Check Last-Modified before update tenant index
What this PR does
Update (download, unzip and parse) tenant index only if file has changed in storage (changed Last-Modified time). It is useful in case if we need low-latency block detection. With this changes we may use very short update intervals (ex. 1 second).
Checklist
- [ ] Tests updated
- [ ] Documentation added
- [ ]
CHANGELOG.mdupdated - the order of entries should be[CHANGE],[FEATURE],[ENHANCEMENT],[BUGFIX]
👋 Hi! Thanks for your interest in the project.
Could you share more details about your use case? I have some thoughts in random order, but I fundamentally don't understand the use case, so I would like to ear more about it first.
Random thoughts:
- Mimir has been designed to not require an up-to-date view over the bucket. What's your use case where you need it?

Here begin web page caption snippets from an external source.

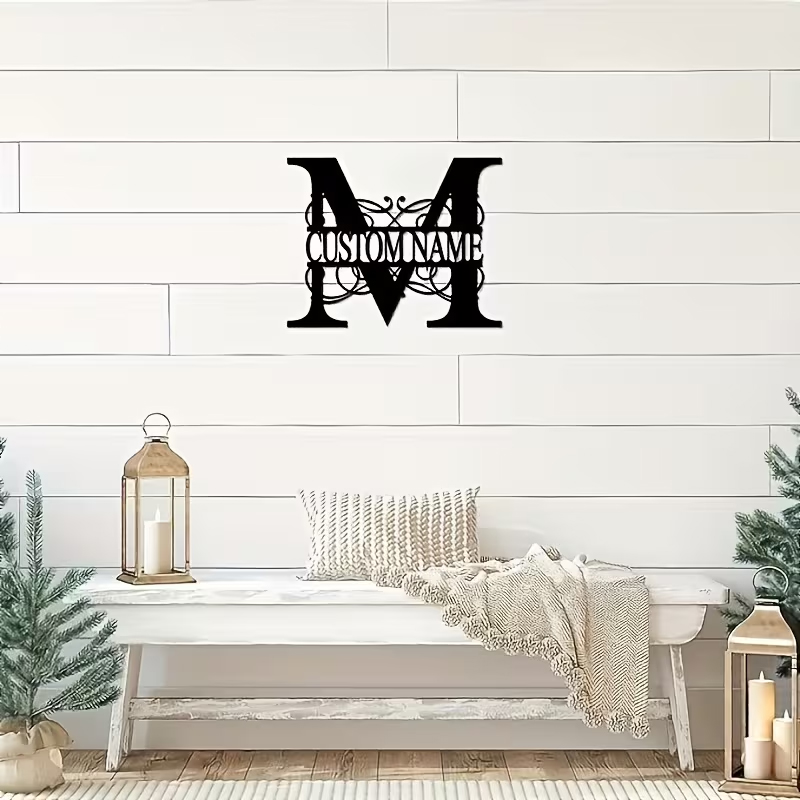 Classic Custom Monogram Metal  - Home Decor Garden ulasan dan harga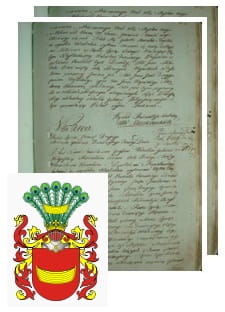 Przykładowe zdjęcie wywodu rodowitości szlacheckiej z 1802 roku, stron 2.jpg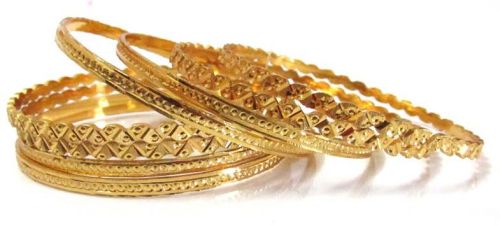 Gold Plated Bangles (BNGP8ALBA)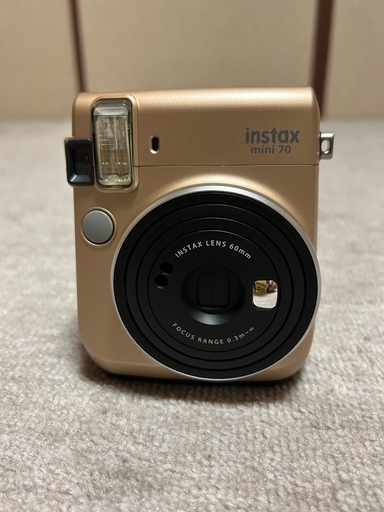 FUJIFILM チェキ instax mini70 ゴールド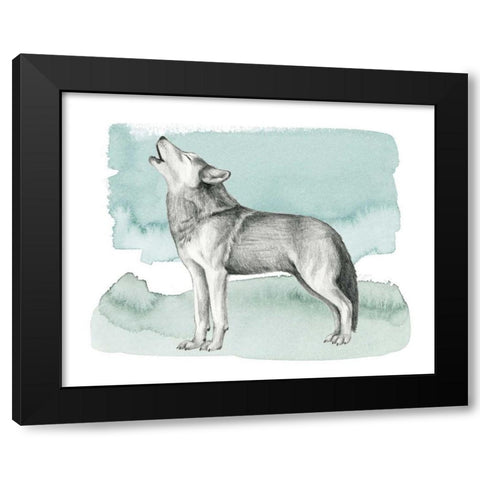 Animale I Black Modern Wood Framed Art Print with Double Matting by Popp, Grace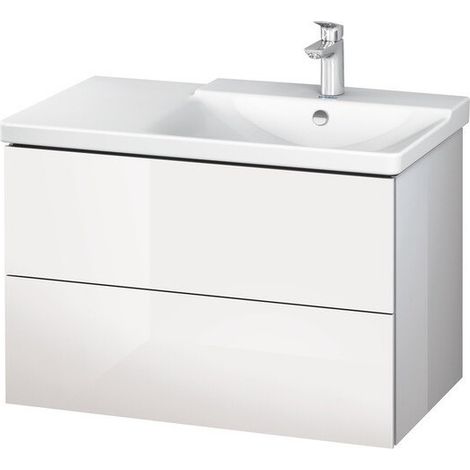 Meuble sous-vasque L-CUBE 820x481x555mm Gris Doloaveci brillant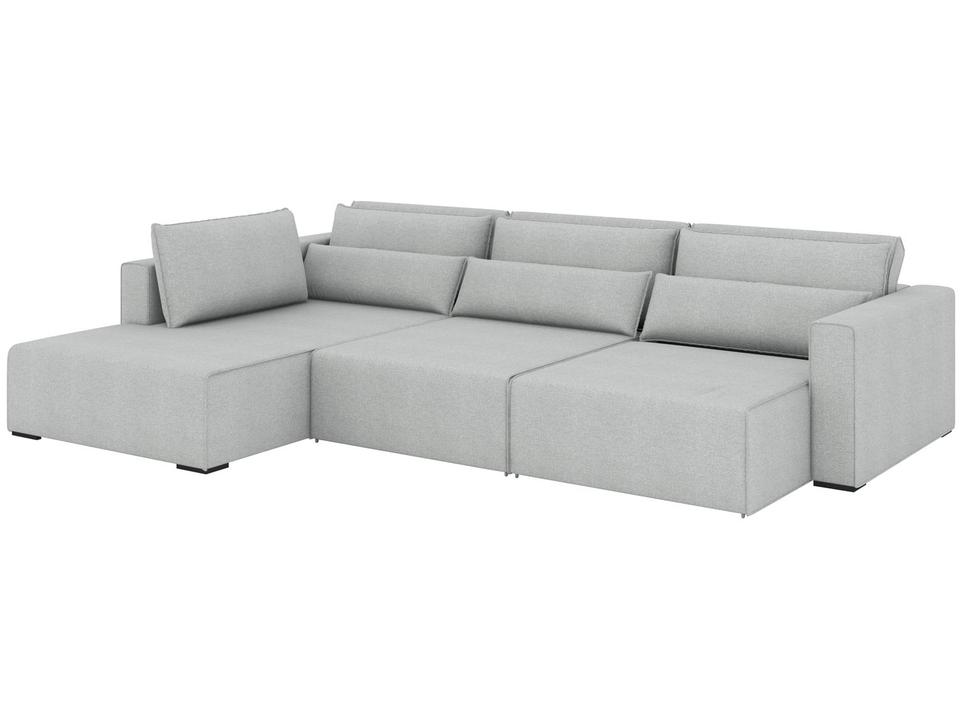 Sofá 6 Lugares Retrátil Reclinável Mediterrâneo Abruzzo Flexforma Estofados - 4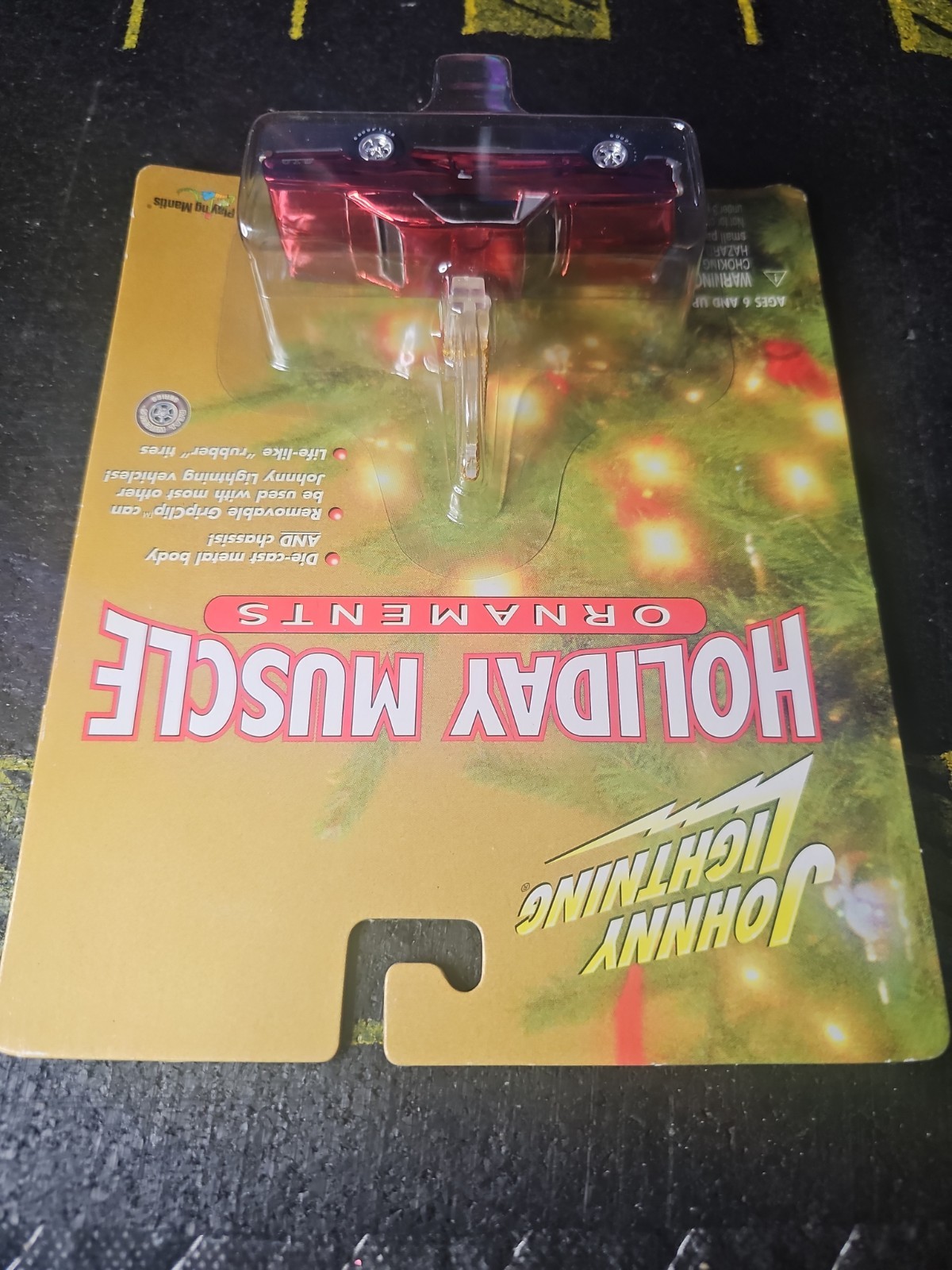 Johnny Lightning 1967 Pontiac GTO. Rare,VHTF! ’01 Holiday Muscle Ornaments Srs.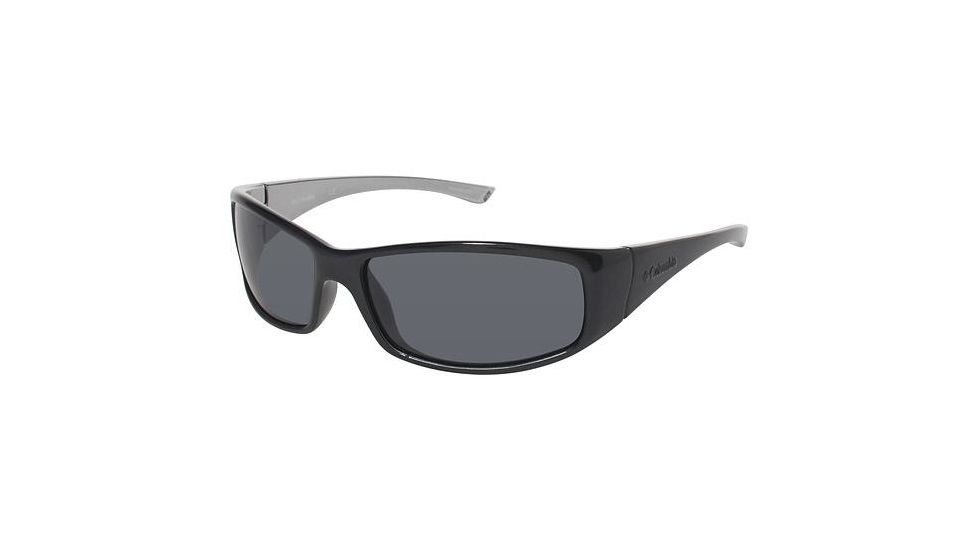 Columbia Auburn Polarized Sunglasses - Frame Metallic Silver/Black, Size 62/15mm CBAUBURNPZ623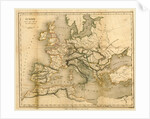 Map Europe end of the fifth century by Anonymous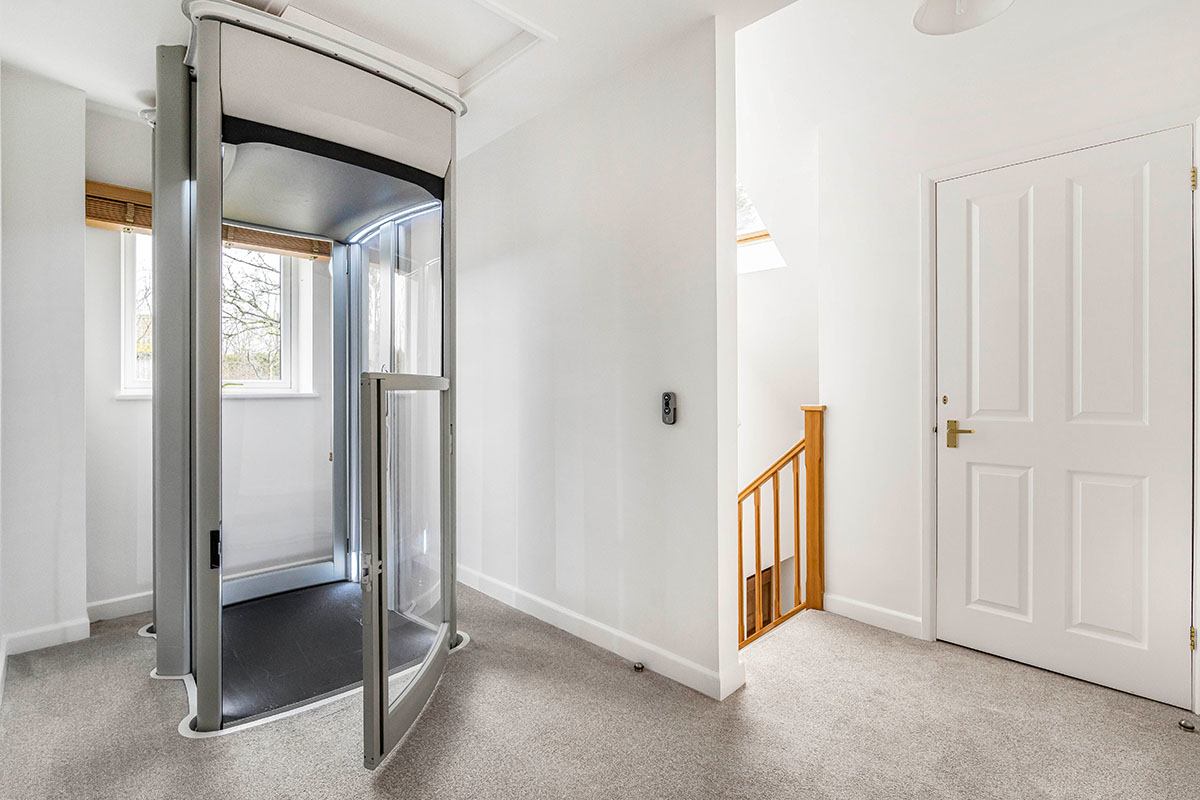 Interior of house with lift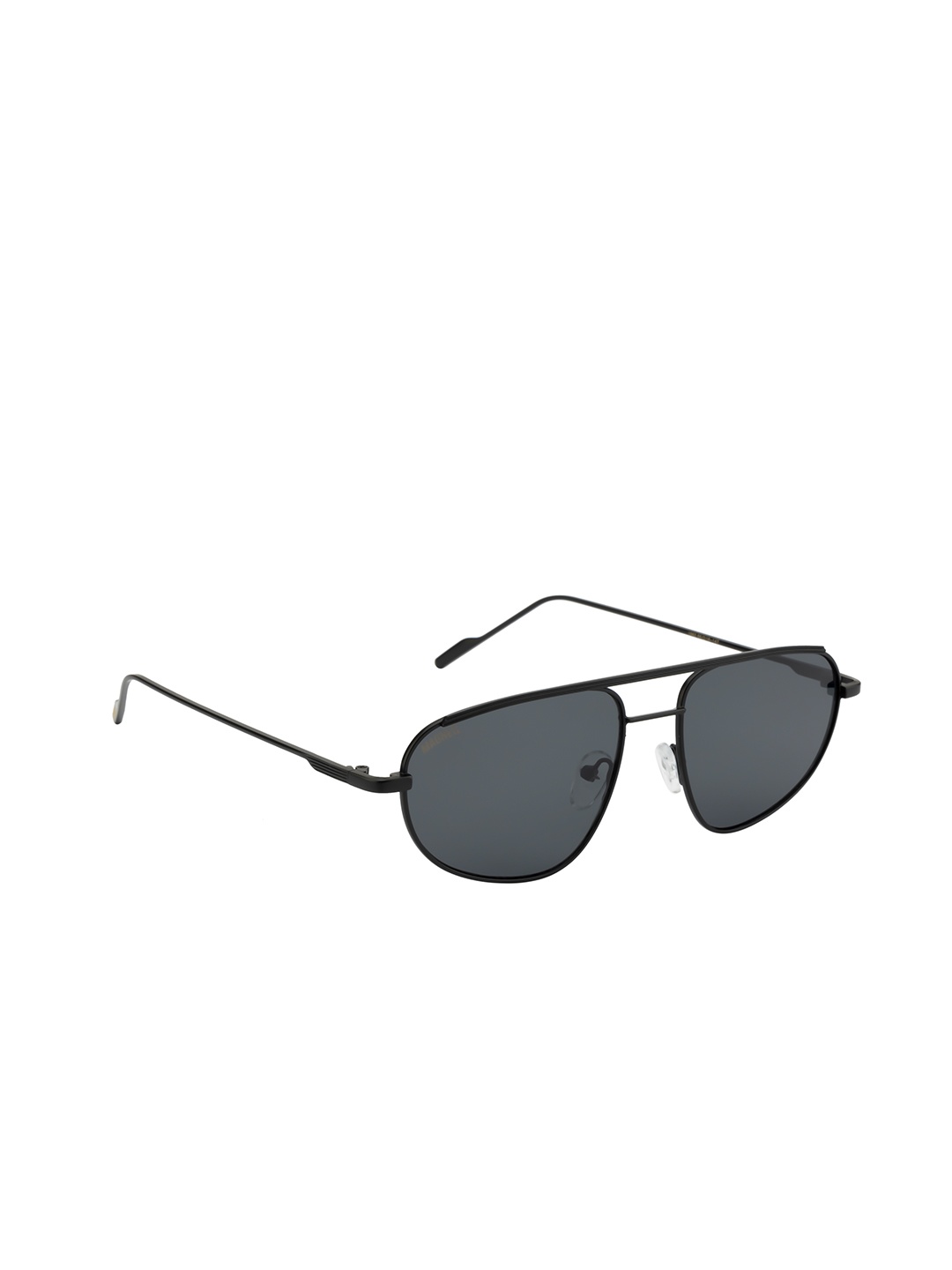 

MAGNEQ Unisex Square Sunglasses with UV Protected Lens, Black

- The bucket index is updated by the compactor. Even if you reduce the blocks cleaner interval to 1s, it will realistically some time to update the bucket index. What's your expected max latency between when something change in the bucket and when queriers and store-gateways detect it?
- This PR introduces a S3 call to check the last modified, before actually reading the index. An S3 API call to fetch attributes (HEAD) is billed as a GET. Intra region bandwidth between S3 and compute machines is not billed, so costing wise there should be no difference (pretty much the same for other cloud providers). I assume the check on last modified has been introduced to reduce CPU utilization, but what's the actual impact? How many tenants do you have in your cluster?
Marco, Hi!
At first, thank you for the fast answer.
Your random thought number three is correct. In our case, mostly impact is on CPU usage.
Additional information for more understanding:
- We have 400+ tenants in our cluster
- Why we need low value for sync period? We deliver blocks not only from ingesters. We have our own agent, and it can deliver metrics after long storage unavailability. It's uploads block into S3 directly. Because of this, for us, important low sync interval.
We understand that we describe a corner case, and this PR doesn't have any improvement in most of the cases, but it can reduce resources utilization in some cases. And, also, it doesn't require any additional support in future time.
I think that it could be flag or config defined behaviour.
Thanks for providing more details.
We have our own agent, and it can deliver metrics after long storage unavailability. It's uploads block into S3 directly
If the agent deliver metrics "after long storage unavailability" is that critical to have these metrics available for querying 1 second after the block has been uploaded?
Because of this, for us, important low sync interval.
Could you share some numbers to let me further understand your use case, please?
- How low the sync interval is expected?
- What value you set for
-compactor.cleanup-interval? - If you build this PR and deploy it to a querier or store-gateway, what's the drop in CPU utilization?
Thanks!
- What value you set for -compactor.cleanup-interval?
1 minute. So
- How low the sync interval is expected?
We expect sub 2 minutes data availability (we use 1 minute point intervals).
- If you build this PR and deploy it to a querier or store-gateway, what's the drop in CPU utilization?
Will provide numbers in closest time
We found that storage gateway doesn't use bucketindex.Loader, so for now this changes doesn't improve performance in our case. We need more research. I'll back with new information soon.
We've got 2x decrease CPU usage after using index loader (with last-modified check) in store-gateway:

To make all checks pass again, please rebase this PR on top of main. Thank you.
The CHANGELOG has just been cut to prepare for the next Mimir release. Please rebase main and eventually move the CHANGELOG entry added / updated in this PR to the top of the CHANGELOG document. Thanks!